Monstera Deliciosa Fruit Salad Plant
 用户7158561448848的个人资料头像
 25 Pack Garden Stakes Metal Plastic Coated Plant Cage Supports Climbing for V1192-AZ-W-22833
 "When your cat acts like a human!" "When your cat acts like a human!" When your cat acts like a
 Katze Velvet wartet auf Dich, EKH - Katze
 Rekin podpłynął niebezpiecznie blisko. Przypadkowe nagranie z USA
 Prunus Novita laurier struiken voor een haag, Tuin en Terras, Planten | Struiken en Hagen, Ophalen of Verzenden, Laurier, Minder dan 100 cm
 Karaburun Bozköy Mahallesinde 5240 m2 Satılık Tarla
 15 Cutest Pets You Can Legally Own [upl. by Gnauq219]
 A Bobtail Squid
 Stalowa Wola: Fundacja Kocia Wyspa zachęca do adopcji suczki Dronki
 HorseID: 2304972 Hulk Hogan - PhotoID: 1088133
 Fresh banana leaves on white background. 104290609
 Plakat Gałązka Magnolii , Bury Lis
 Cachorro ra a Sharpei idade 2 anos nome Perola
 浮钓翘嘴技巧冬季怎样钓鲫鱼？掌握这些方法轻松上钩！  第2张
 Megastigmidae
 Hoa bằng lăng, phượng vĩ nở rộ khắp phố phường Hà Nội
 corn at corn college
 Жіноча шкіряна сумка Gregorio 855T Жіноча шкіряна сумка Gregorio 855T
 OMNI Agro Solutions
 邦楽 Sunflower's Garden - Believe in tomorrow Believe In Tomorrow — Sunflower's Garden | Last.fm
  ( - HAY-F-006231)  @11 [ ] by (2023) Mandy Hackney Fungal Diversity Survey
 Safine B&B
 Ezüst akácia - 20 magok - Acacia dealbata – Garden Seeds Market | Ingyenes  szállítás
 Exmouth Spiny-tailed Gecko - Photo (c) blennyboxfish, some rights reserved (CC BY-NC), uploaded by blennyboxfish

# # # # # # #

## Exercise
Scan the data above for the word "Garden", then copy every line that holds it.

## Answer section
 25 Pack Garden Stakes Metal Plastic Coated Plant Cage Supports Climbing for V1192-AZ-W-22833
 邦楽 Sunflower's Garden - Believe in tomorrow Believe In Tomorrow — Sunflower's Garden | Last.fm
 Ezüst akácia - 20 magok - Acacia dealbata – Garden Seeds Market | Ingyenes  szállítás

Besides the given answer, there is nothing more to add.